The same group of people running wikipedia now, can reproduce their own view of the world in the above setup, and their fans can use it.
Any other group can also create their view of things. There is going to be one most popular view of things. But there could also be a one armed economists' view of modern dance filter of the knowledge pool.
How to deal with spammer or trolls? In addition to voting and filtering, top notch text compression and time based moving of the least often visited articles to slower and cheaper storage.
The slowest and cheapest storage we have, combined with how well we can compress text, in my opinion, results in almost unlimited capacity to store text. And thus notoriety should not be a concern. Leave that to paper encyclopedias.
> Articles are cryptographically signed by authors.
This would significantly up the hurdle for doing edits and, given the meager popularity of PGP, not really pin down a person. But fair, I'd like to see that as a feature.
> Articles are not editable after publication. Edits result in new articles.
I don't see how this is different to a version history. For the most part, people just want the newest information; if a specific revision is needed, you can already direct-link to that.
> Articles have a unique and unchanging url.
Again doable via direct links. I see why you'd want to use that, but if I link (for example) my town, I want people to get the best info about my town and not that version I saw at that moment, unless I'm talking about edits specifically - in which case I'll link a revision. Of course, this requirement satisfies the crypto nerd in us, but it's really going against the usability here for hardly any gain whatsoever.
> Registered users can vote on articles.
Because that works so well for Reddit and all the other vote platforms. Or in science - see the replication crisis.
In all honesty, I think adding a popularity score into this is going to make things far worse. It'll just lead to repeating whatever happens to get votes, with everything else ignored. Why bother with the article of your town? No one cares about that, those two upvotes ... Let's go start an edit war over the birthday of a person!
> Registered users can create collections of existing articles. And those collections can be tread as an article.
Fair, but that's nothing that wouldn't be doable as of now.
> Articles can be filtered on popularity, and on popularity among select groups of authors, and on popularity among select groups of up-voters.
That'd be actually interesting, but I don't think it be worth the drawback of votes. Also, people which were set to that group or people which self-identify as that group?
Why not both. Self-identified groups and groups curated by someone else.
And on popularity, I just think of votes as one filter. For example, who and how decides what is the best info of your town? Latest? A filter. Most popular? Another filter. The exact link you sent. Also a filter. Liked by a selected group of people. Yet another filter.
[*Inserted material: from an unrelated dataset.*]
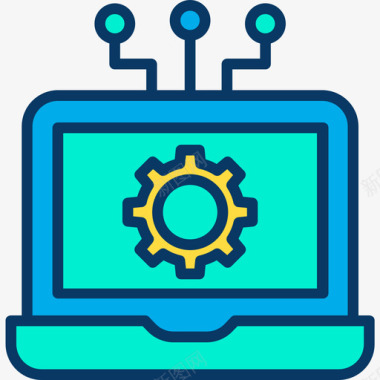 商务设置图标设置网络安全11线性颜色图标图标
I bet you could interact with telnet too.
Actually made me laugh
You allude to a government conspiracy but don't elaborate. You say you investigated this story, but don't describe your investigation (ie. Did you interview victims or did you read blogs online?). You mention this all happened on Wikipedia so presumably there exists some kind of paper trail, but you don't provide any supporting evidence. You describe "random objects" in your mail but don't describe them.
From the reader's perspective this story could be:
1. An unbiased account of a (unnamed) government unfairly wielding their influence over Wikipedia
2. The result of someone upset that their Pizzagate exposé wasn't being taken seriously on Wikipedia
3. An exercise in creative writing
Some kind of supporting evidence would greatly improve your comment.
If you want specifics, I suppose I could mail you those. I fully agree that the account sounds fantastical and psychotic, but it is what I was comfortable sharing. I also think it is a smart tactic if you wanted to discredit someone. I never told anyone close to me either and completely submitted after the article was deleted.